January 27th, 2006

I have no idea what is going on with me, but I think I like it.

I've purged my profile. I'm not sure what this means to me yet. Perhaps an change of priorities or an epiphany... but to be an epiphany, it would have to be a sudden moment, right? I'm not sure what has sparked what I'm going through, but I've found myself speaking a lot less, even to myself (I normally talk to myself a lot), and thinking a lot more. Maybe mortality is part of it. An Old Friend just passed on, after all. I'm finding myself less concerned or interested in the things that usually interest me, like politics, and more interested in things that have only been passing blips on my mind's radar. I don't know. I just don't know. It kind of feels like some spiritual awakening. I feel like I have a lot of beautiful things, ideas, and/or concepts locked inside with no way to express those things, ideas, and/or concepts. Part of me feels like chanting some jibberish right now. I can feel something welling up inside me, but it's not that old anger. No... it's something a lot different.
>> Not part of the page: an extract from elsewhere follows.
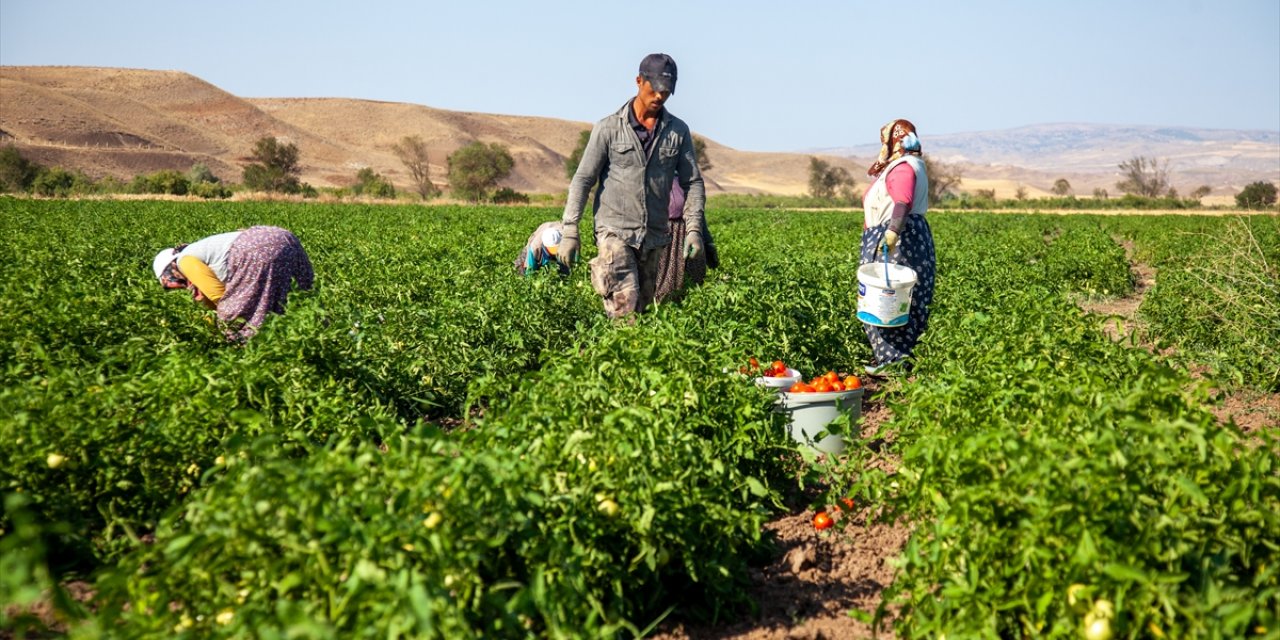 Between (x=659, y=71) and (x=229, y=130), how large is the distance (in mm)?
106271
Something I've never felt before. It's not familiar to me, but it doesn't scare me at all. Is it an awakening? I guess we'll see. All I can say is that I've felt really relaxed, yet not very energetic for the last three days. I don't feel like doing anything but contemplating this and meditating. Things even sound, look, feel, and taste different.

First of all, this phenomenon started the day my Old Friend passed on (about mid-afternoon). I have been, almost continuously, in this mood equilibrium ever since. I am more and more beginning to believe that the Old Friend's passing and the phenomenon are no coincidence. Maybe something is trying to reach at me from the spiritual realm and tell me something. Maybe it's my own intuition telling me not to make the same mistakes that Older People that I know have made so that I can live a long, prosperous, and healthy life with my wife, my children, and all who encounter me. Whatever it is, I'm going to milk it like it's going out of style.

It something that I'd place in the realm of euphoria on the emotional scale, but not enough that anyone can notice. I'm not sure how else to explain it, even though I have a funny feeling that someone is going to run across this text and give me a hint. It might even be me.